*REQUIRED WORK*
Reproduce word for word, from the entries below, the line with "這是被追回的戰國時期的青銅劍（11月17日攝）。新華社記者 梁愛平攝", the line with "Hotel Royal Villa", and every line between them, and nothing more.

Saved entries:
##############################

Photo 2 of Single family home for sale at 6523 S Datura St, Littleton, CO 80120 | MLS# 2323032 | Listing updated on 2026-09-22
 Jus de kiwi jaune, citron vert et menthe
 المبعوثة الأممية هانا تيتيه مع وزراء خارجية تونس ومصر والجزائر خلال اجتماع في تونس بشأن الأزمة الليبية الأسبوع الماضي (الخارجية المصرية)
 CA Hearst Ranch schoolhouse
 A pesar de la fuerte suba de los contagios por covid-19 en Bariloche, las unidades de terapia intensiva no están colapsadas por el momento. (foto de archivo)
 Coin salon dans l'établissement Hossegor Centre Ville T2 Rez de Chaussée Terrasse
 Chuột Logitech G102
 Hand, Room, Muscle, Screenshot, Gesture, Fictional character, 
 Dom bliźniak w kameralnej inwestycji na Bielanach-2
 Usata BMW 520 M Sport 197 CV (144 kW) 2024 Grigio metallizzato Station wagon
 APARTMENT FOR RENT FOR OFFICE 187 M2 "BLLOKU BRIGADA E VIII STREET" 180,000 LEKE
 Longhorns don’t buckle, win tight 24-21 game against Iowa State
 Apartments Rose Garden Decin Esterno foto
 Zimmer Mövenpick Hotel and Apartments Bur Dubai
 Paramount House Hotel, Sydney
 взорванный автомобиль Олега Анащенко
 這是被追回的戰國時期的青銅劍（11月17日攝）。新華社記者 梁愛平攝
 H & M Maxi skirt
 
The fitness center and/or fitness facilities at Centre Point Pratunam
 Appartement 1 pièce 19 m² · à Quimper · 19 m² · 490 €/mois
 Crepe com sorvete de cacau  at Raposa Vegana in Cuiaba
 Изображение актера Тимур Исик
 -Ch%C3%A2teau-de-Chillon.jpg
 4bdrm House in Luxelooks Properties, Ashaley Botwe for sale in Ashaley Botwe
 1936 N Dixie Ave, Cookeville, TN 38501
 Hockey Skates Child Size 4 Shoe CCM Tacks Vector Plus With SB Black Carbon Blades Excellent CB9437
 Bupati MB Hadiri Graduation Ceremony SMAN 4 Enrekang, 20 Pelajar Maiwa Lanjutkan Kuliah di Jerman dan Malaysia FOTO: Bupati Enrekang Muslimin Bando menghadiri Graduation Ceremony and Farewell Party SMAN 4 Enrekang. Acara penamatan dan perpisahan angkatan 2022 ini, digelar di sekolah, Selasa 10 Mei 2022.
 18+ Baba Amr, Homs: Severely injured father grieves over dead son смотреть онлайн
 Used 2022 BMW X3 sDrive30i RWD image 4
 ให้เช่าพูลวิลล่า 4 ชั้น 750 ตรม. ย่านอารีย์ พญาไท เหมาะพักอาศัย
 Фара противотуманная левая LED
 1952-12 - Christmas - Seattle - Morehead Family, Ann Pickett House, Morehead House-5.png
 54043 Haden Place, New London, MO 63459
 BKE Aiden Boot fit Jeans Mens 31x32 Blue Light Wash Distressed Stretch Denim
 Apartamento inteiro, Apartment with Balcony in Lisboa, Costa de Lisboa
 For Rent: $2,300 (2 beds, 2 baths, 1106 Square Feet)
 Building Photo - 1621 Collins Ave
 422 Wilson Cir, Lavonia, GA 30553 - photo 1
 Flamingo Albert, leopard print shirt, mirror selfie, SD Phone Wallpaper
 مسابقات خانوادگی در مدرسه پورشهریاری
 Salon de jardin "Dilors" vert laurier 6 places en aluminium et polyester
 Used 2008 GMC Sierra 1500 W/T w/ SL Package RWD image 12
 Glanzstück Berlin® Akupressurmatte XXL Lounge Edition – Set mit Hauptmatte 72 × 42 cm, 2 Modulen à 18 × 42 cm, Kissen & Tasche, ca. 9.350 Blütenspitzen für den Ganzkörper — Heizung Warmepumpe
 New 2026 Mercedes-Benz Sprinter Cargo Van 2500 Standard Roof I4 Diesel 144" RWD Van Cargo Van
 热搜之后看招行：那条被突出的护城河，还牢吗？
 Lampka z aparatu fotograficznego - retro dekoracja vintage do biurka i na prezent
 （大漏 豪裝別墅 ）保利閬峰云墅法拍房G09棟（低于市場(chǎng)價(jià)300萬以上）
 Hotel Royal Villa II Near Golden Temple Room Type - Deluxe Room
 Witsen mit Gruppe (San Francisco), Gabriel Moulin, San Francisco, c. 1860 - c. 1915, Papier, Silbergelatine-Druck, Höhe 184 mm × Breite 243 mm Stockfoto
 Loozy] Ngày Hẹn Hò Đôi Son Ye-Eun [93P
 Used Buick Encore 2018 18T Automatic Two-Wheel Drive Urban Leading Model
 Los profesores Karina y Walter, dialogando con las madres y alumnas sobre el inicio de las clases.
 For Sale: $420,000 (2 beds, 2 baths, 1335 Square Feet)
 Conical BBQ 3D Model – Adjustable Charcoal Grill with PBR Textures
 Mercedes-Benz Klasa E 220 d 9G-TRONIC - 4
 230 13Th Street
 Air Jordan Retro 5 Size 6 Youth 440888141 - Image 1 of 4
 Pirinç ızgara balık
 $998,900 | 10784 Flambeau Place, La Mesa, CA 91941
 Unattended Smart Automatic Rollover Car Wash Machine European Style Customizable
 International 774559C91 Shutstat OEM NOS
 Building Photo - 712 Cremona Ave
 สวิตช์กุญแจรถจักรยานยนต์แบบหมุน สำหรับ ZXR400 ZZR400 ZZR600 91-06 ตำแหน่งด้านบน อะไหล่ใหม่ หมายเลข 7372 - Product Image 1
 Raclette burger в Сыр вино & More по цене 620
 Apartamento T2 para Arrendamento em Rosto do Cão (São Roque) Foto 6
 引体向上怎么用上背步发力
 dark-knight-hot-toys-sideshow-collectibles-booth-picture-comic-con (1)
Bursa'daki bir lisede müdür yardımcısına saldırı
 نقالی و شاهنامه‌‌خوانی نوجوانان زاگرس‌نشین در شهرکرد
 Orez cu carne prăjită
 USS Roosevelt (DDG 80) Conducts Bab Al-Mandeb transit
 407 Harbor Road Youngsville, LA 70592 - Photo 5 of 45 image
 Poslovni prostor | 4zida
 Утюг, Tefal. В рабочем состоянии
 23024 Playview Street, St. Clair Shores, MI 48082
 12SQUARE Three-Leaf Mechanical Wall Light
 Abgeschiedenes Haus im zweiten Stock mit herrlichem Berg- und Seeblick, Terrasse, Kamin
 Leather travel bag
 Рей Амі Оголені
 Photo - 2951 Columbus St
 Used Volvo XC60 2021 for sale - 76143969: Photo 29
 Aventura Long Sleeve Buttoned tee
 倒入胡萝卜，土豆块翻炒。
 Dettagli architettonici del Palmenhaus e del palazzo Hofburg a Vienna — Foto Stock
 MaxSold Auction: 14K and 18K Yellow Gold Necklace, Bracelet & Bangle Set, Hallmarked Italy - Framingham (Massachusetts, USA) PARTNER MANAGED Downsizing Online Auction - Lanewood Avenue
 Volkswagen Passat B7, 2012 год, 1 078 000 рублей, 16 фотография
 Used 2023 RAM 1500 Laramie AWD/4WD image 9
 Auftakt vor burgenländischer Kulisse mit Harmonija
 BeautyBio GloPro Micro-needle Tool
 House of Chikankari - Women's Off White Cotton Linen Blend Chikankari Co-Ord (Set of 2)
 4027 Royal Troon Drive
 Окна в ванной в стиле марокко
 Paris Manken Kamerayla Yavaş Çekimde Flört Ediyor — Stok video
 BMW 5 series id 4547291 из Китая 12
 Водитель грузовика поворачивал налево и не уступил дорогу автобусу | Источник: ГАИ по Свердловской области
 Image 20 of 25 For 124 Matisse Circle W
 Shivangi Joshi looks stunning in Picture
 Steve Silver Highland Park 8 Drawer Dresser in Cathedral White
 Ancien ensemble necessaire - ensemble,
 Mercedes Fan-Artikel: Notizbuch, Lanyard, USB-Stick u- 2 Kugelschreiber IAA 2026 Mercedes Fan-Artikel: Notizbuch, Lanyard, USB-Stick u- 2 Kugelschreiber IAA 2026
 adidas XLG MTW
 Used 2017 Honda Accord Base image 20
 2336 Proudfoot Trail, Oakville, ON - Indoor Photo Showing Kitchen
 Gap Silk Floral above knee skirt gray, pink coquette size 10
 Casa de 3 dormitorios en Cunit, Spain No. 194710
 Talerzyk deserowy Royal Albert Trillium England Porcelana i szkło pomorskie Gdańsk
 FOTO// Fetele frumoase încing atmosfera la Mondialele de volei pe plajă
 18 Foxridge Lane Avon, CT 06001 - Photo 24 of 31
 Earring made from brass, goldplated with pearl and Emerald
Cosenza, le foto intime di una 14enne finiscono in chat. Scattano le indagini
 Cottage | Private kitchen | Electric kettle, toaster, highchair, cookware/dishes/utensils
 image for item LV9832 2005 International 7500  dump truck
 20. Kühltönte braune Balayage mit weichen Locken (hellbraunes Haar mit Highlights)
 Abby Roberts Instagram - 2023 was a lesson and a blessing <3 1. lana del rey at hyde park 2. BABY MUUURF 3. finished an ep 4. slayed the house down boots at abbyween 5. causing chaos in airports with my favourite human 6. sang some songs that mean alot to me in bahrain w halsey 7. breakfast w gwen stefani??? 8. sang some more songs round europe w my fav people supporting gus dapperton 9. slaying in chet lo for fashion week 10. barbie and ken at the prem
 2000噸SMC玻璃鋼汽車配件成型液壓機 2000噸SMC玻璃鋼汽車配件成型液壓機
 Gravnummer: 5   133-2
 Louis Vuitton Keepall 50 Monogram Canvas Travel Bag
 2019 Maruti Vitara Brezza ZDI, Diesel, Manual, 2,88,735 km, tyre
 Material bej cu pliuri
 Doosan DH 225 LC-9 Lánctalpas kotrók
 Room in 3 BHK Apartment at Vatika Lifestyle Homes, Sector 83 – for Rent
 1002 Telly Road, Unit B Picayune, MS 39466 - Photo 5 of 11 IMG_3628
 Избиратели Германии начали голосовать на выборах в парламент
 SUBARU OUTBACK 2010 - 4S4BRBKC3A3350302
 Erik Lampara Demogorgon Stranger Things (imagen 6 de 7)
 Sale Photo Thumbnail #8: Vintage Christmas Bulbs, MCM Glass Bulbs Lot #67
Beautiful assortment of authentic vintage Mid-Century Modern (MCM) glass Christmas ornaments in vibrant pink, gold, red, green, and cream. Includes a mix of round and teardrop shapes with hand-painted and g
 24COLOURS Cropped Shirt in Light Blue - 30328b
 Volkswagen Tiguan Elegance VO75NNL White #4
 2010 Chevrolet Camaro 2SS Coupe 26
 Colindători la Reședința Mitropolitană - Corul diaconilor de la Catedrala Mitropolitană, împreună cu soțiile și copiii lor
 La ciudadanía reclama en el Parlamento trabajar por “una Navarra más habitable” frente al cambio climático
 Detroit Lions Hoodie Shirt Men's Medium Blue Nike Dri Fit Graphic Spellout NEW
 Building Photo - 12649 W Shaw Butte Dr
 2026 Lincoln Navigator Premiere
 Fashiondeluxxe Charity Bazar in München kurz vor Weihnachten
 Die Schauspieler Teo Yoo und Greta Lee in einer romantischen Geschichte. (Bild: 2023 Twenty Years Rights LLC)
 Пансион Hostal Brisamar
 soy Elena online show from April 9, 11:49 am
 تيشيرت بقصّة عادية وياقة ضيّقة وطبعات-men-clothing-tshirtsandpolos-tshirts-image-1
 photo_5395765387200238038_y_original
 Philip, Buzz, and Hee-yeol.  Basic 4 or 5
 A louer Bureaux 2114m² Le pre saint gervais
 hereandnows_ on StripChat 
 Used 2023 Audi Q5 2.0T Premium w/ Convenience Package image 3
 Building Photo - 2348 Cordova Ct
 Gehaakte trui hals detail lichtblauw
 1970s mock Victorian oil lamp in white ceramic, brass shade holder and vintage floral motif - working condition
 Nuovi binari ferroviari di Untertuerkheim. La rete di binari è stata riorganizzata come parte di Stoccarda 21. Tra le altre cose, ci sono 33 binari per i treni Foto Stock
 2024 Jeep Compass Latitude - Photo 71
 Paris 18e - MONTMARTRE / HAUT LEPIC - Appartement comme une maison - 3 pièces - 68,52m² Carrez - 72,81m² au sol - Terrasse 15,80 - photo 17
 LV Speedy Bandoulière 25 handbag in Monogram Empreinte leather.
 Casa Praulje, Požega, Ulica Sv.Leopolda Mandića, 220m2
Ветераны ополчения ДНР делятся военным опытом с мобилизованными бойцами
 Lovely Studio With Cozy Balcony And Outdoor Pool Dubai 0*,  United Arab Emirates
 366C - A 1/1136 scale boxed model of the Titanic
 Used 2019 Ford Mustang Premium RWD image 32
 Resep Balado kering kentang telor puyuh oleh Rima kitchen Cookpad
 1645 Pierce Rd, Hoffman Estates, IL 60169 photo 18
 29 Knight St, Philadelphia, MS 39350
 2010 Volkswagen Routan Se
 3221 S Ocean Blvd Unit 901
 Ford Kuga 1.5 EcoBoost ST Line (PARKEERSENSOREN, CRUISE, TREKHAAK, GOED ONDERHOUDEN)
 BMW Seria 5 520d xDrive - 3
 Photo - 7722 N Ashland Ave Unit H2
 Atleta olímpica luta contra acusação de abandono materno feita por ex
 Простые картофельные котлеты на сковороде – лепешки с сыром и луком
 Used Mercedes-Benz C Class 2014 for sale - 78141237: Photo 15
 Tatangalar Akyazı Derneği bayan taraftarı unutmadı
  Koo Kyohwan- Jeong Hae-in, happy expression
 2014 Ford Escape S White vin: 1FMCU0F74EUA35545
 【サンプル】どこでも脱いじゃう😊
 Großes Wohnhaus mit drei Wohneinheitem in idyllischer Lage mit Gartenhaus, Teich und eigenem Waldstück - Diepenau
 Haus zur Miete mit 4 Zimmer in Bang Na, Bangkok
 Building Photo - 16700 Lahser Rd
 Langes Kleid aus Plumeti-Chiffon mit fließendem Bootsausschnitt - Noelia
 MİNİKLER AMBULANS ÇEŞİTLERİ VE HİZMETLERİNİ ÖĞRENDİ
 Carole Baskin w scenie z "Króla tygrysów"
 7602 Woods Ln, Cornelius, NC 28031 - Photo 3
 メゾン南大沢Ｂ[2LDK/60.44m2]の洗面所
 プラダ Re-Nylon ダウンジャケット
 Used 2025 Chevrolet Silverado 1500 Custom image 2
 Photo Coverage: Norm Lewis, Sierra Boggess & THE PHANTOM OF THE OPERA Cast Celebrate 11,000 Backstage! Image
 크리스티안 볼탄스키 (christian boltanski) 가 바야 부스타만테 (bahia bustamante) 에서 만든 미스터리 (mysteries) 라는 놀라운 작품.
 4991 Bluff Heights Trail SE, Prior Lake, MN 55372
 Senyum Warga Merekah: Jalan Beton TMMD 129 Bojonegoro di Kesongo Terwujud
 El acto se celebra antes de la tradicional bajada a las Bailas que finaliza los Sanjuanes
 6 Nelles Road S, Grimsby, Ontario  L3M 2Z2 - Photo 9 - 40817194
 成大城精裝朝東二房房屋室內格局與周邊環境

##############################

*TASK OUTPUT*
 這是被追回的戰國時期的青銅劍（11月17日攝）。新華社記者 梁愛平攝
 H & M Maxi skirt
 
The fitness center and/or fitness facilities at Centre Point Pratunam
 Appartement 1 pièce 19 m² · à Quimper · 19 m² · 490 €/mois
 Crepe com sorvete de cacau  at Raposa Vegana in Cuiaba
 Изображение актера Тимур Исик
 -Ch%C3%A2teau-de-Chillon.jpg
 4bdrm House in Luxelooks Properties, Ashaley Botwe for sale in Ashaley Botwe
 1936 N Dixie Ave, Cookeville, TN 38501
 Hockey Skates Child Size 4 Shoe CCM Tacks Vector Plus With SB Black Carbon Blades Excellent CB9437
 Bupati MB Hadiri Graduation Ceremony SMAN 4 Enrekang, 20 Pelajar Maiwa Lanjutkan Kuliah di Jerman dan Malaysia FOTO: Bupati Enrekang Muslimin Bando menghadiri Graduation Ceremony and Farewell Party SMAN 4 Enrekang. Acara penamatan dan perpisahan angkatan 2022 ini, digelar di sekolah, Selasa 10 Mei 2022.
 18+ Baba Amr, Homs: Severely injured father grieves over dead son смотреть онлайн
 Used 2022 BMW X3 sDrive30i RWD image 4
 ให้เช่าพูลวิลล่า 4 ชั้น 750 ตรม. ย่านอารีย์ พญาไท เหมาะพักอาศัย
 Фара противотуманная левая LED
 1952-12 - Christmas - Seattle - Morehead Family, Ann Pickett House, Morehead House-5.png
 54043 Haden Place, New London, MO 63459
 BKE Aiden Boot fit Jeans Mens 31x32 Blue Light Wash Distressed Stretch Denim
 Apartamento inteiro, Apartment with Balcony in Lisboa, Costa de Lisboa
 For Rent: $2,300 (2 beds, 2 baths, 1106 Square Feet)
 Building Photo - 1621 Collins Ave
 422 Wilson Cir, Lavonia, GA 30553 - photo 1
 Flamingo Albert, leopard print shirt, mirror selfie, SD Phone Wallpaper
 مسابقات خانوادگی در مدرسه پورشهریاری
 Salon de jardin "Dilors" vert laurier 6 places en aluminium et polyester
 Used 2008 GMC Sierra 1500 W/T w/ SL Package RWD image 12
 Glanzstück Berlin® Akupressurmatte XXL Lounge Edition – Set mit Hauptmatte 72 × 42 cm, 2 Modulen à 18 × 42 cm, Kissen & Tasche, ca. 9.350 Blütenspitzen für den Ganzkörper — Heizung Warmepumpe
 New 2026 Mercedes-Benz Sprinter Cargo Van 2500 Standard Roof I4 Diesel 144" RWD Van Cargo Van
 热搜之后看招行：那条被突出的护城河，还牢吗？
 Lampka z aparatu fotograficznego - retro dekoracja vintage do biurka i na prezent
 （大漏 豪裝別墅 ）保利閬峰云墅法拍房G09棟（低于市場(chǎng)價(jià)300萬以上）
 Hotel Royal Villa II Near Golden Temple Room Type - Deluxe Room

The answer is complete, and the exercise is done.